The Halo Effect of Premium Publishing Sites

For both B2B and B2C audiences, context matters to the perception and actionability of an ad. Comscore recently published a whitepaper on the value of working with premium publishers to drive higher ad effectiveness. In the world of programmatic advertising in B2B, many business-related products and services are served to working professionals in consumer environments at times when these professionals are not in the “work” state of mind.

There is value in a brand remaining omnipresent with an audience anywhere on the internet, but the value of an impression in a contextually relevant, high-quality environment is much greater. The Comscore study showed that the halo effect of premium publishers drives significantly higher brand lift among visitors.

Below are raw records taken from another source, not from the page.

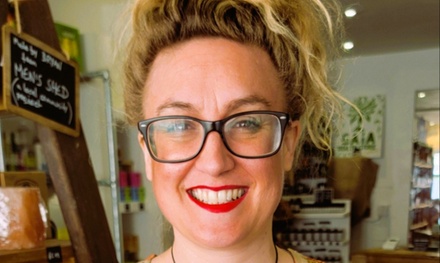 40-Minute Celtic Cross Tarot Reading In Person - Gaia Health Store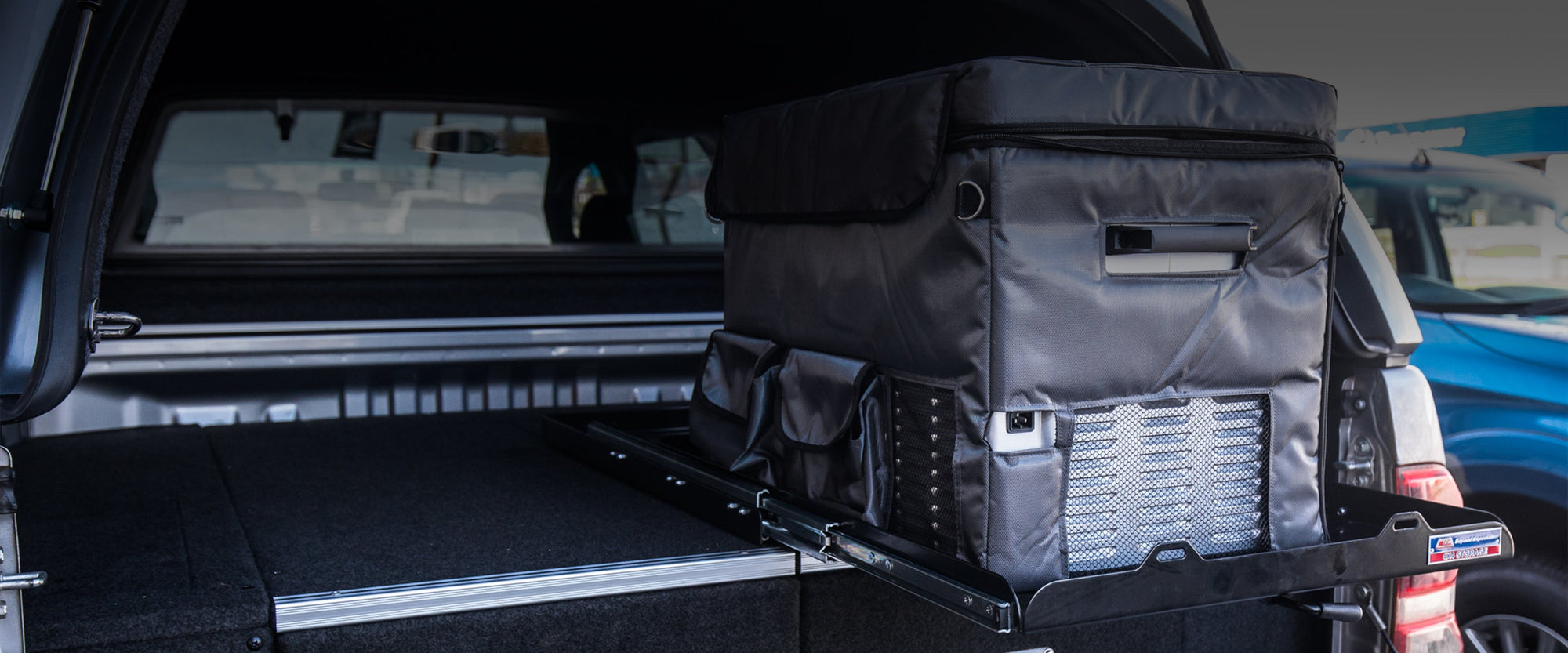 Drawers desktop banner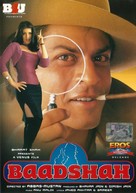 Baadshah - Indian Movie Cover (xs thumbnail)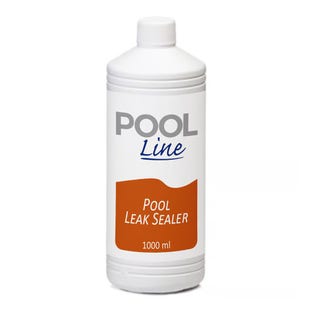Pool Line Leak Sealer pour spa et piscine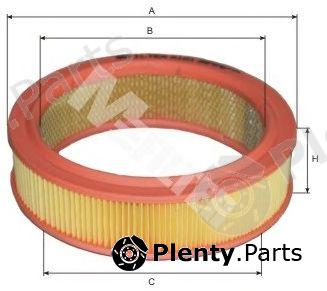  MFILTER part A101 Air Filter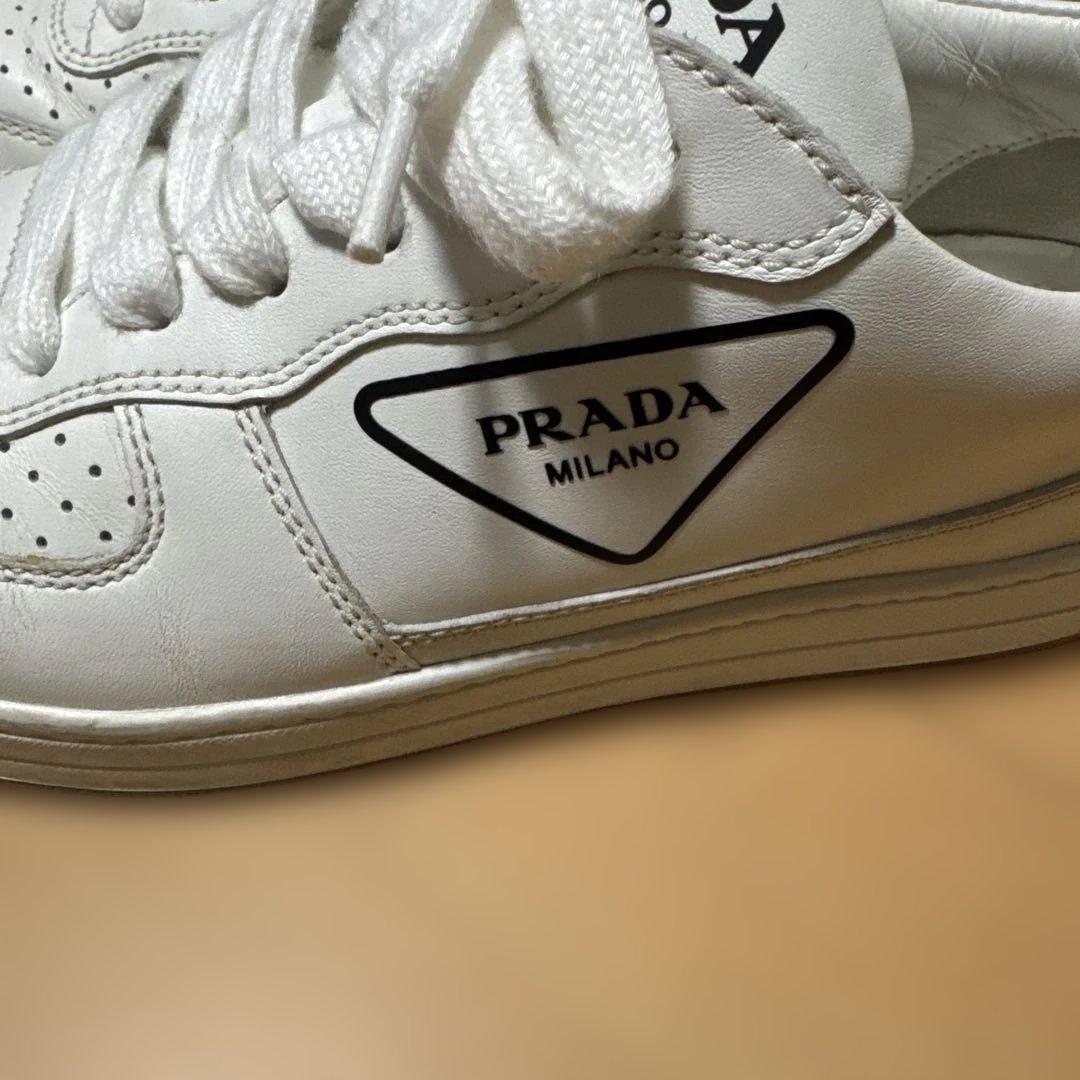 コペル　PRADA スニーカー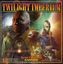 Board Game: Twilight Imperium: Third Edition – Shattered Empire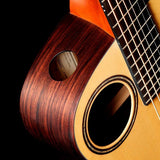 Walden B1EH Baritone Guitar (Natur)
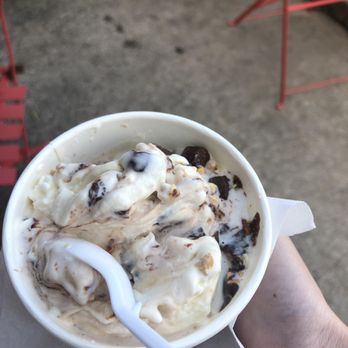 Whit's Frozen Custard - Davidson Delight - Ice Cream & Frozen Yogurt Near Me - Davidson, North Carolina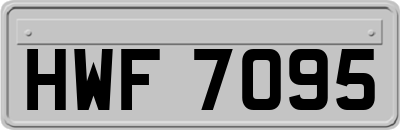 HWF7095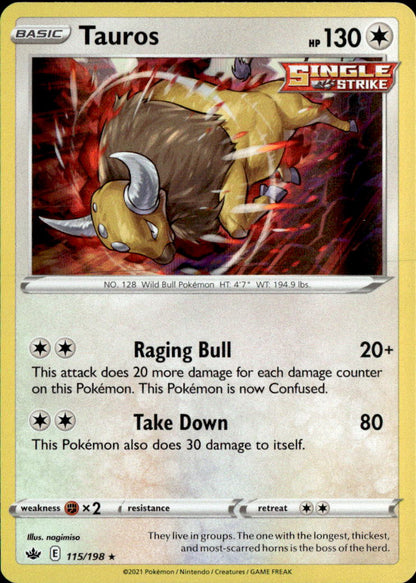Tauros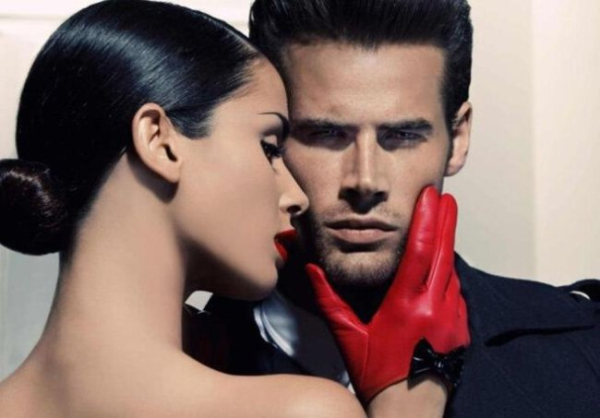 Який тип чоловіків підходить саме тобі? Геніальний спосіб дізнатися, про це ви ще не знали! Як легко зрозуміти, яка саме “твоя” людина. Хитрий лайфхак, що економить час на пошуки ідеальних стосунків.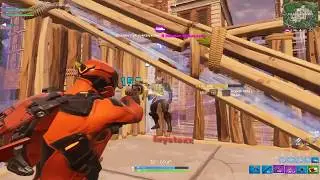 Fortnite Montage - Lust Ft. Lil Skies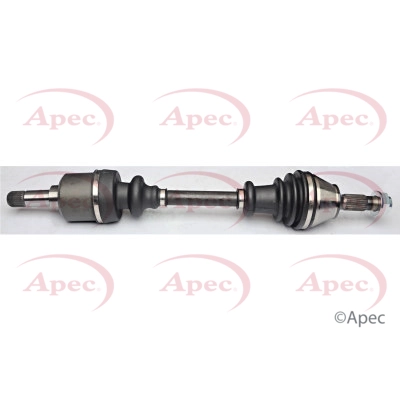 Drive Shaft (ADS1417L)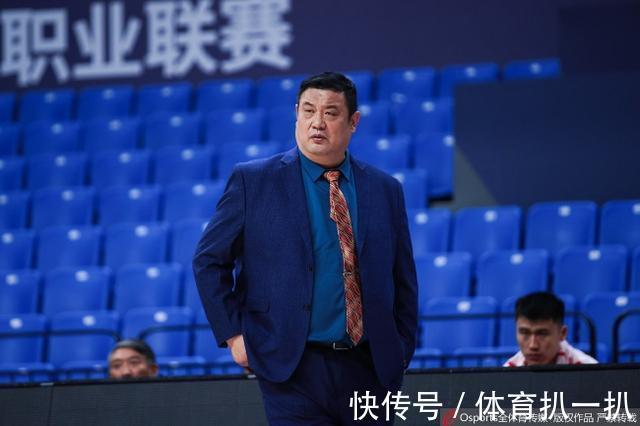 天津男篮|山东男篮第3阶段本想拿它开刀,对手却补充22岁强人,徐长锁难了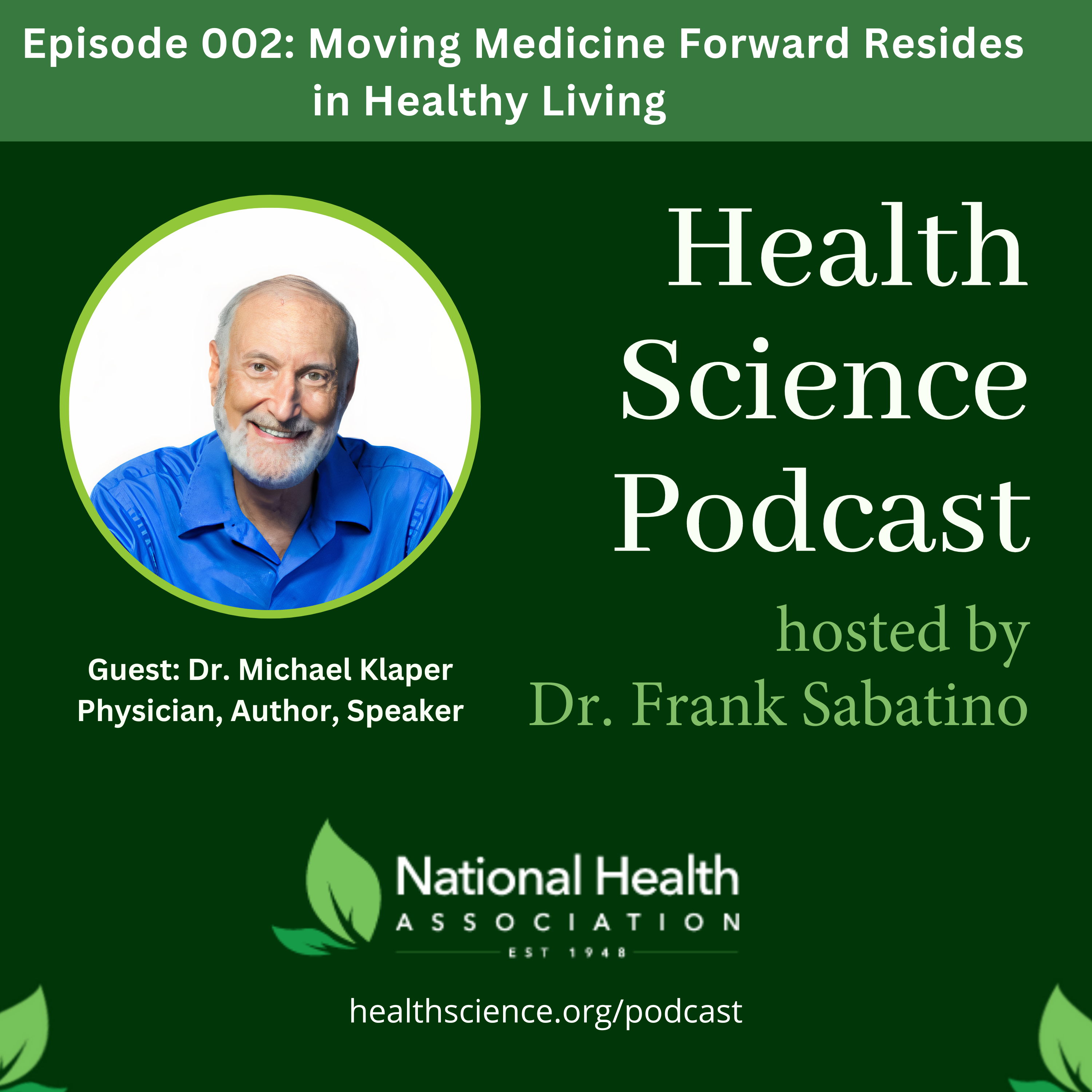 NHA Today Podcast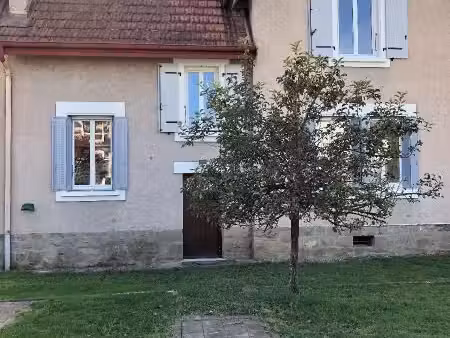 maison 4 pièces 96 m²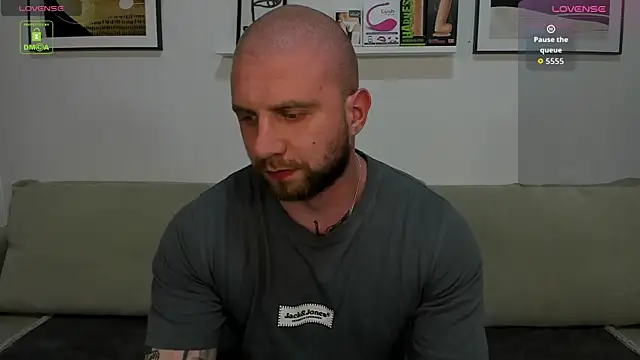 Gerard_Finbar's Live XXX Chat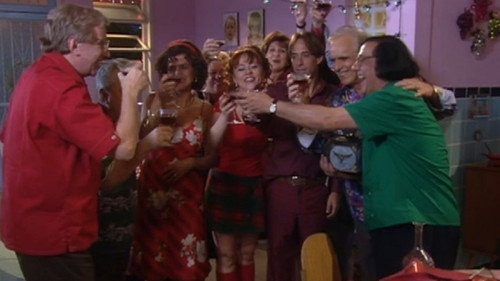A Grande Família Season 2 Episode 37 - A Enorme Família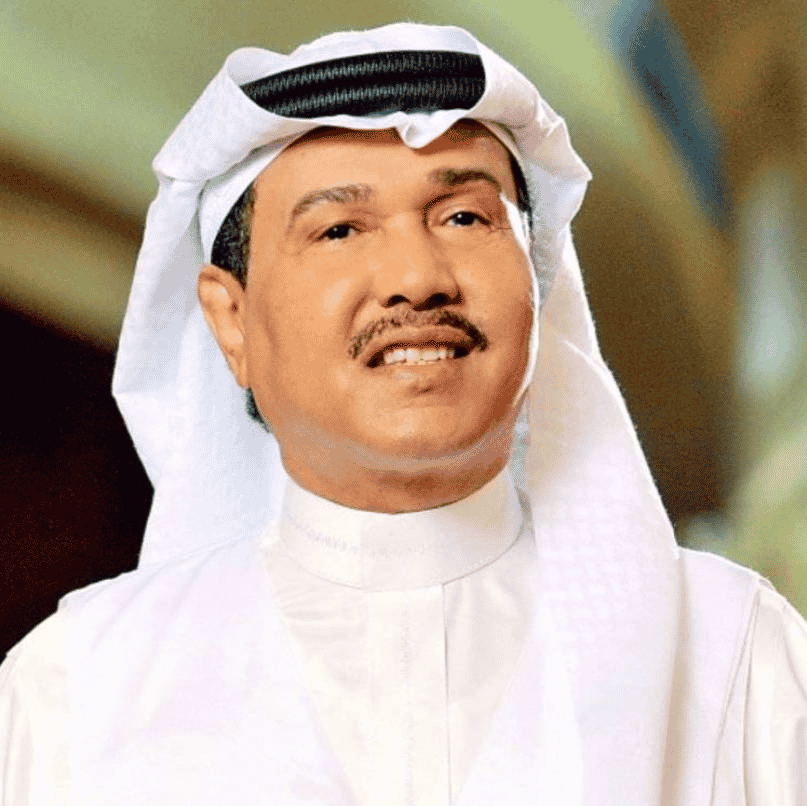 محمد عبده AI Voice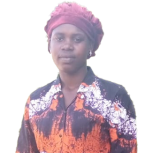 Avatar Dorcas  Namudira  ONE FAMILY WOMEN’S CORPS AFRICA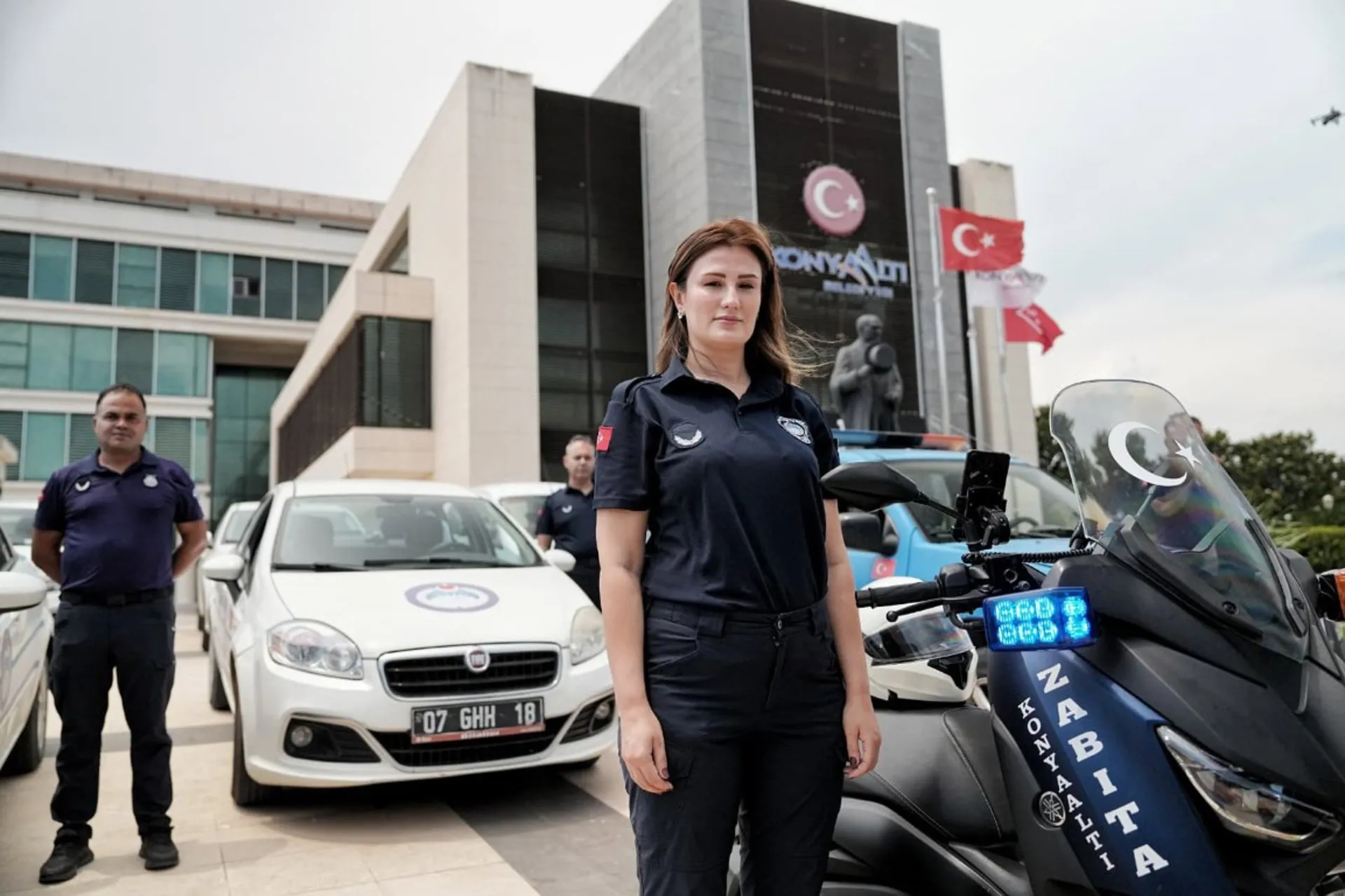Konyaaltı Belediyesi YKS Adaylarına Ulaşım Desteği Sağlayacak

The fact is that B2B audiences are limited in comparison to B2C, which means there is greater scarcity for ad inventory on relevant, premium B2B sites. This translates into media transactions being more relationship driven, with ad inventory mostly available through direct buys or programmatically through private deals. This also means impressions come at a higher cost, but you get what you pay for.

An Honest Broker

I know what you’re thinking: a media planner cannot rely solely on direct relationships to meet the strict KPIs they’re held to. But as ad tech progresses, there’s no doubt the issues of brand safety, viewability and fraud will all be addressed in due time. Perhaps the solution is a blockchain approach to regulate the complexities of the ad tech supply chain. But until the issue is resolved, the answer for quality programmatic inventory, in B2B specifically, may lie with the publisher trading desk.

It all comes down to a mutual interest and responsibility to advertisers and the audience. Media owners are the gateway to a circle of trust they’ve built with their audience. They own unique datasets and know the audience better than anyone else. Premium media owners are also sensitive to the experiences they deliver. Publisher trading desks act like any other trading desk, ingesting blacklists, or even deploying whitelists, but they’re fueled by a unique set of data for more accurate audience targeting, which ultimately eliminates the potential for fraud.

Having a mutual interest in the success of the advertiser and the experience of the user sets the publisher trading desk apart as being more of an honest broker in the programmatic buying world. If more premium publishers continue to invest in their trading desk capabilities and work closer with media agencies to onboard first- and third-party data, they can be the safer channel for programmatic ad buying in the near term.

Programmatic advertising is still in its adolescence stage. It’s bound to mature with time, but until then, human-to-human interaction in the media landscape is still paramount to ensure quality experiences for the advertiser and their target audience. A healthy mix of direct media buys from premium media owners and strict governance over programmatic buying with people-driven oversight will be any advertiser’s best bet for quality control in the foreseeable future.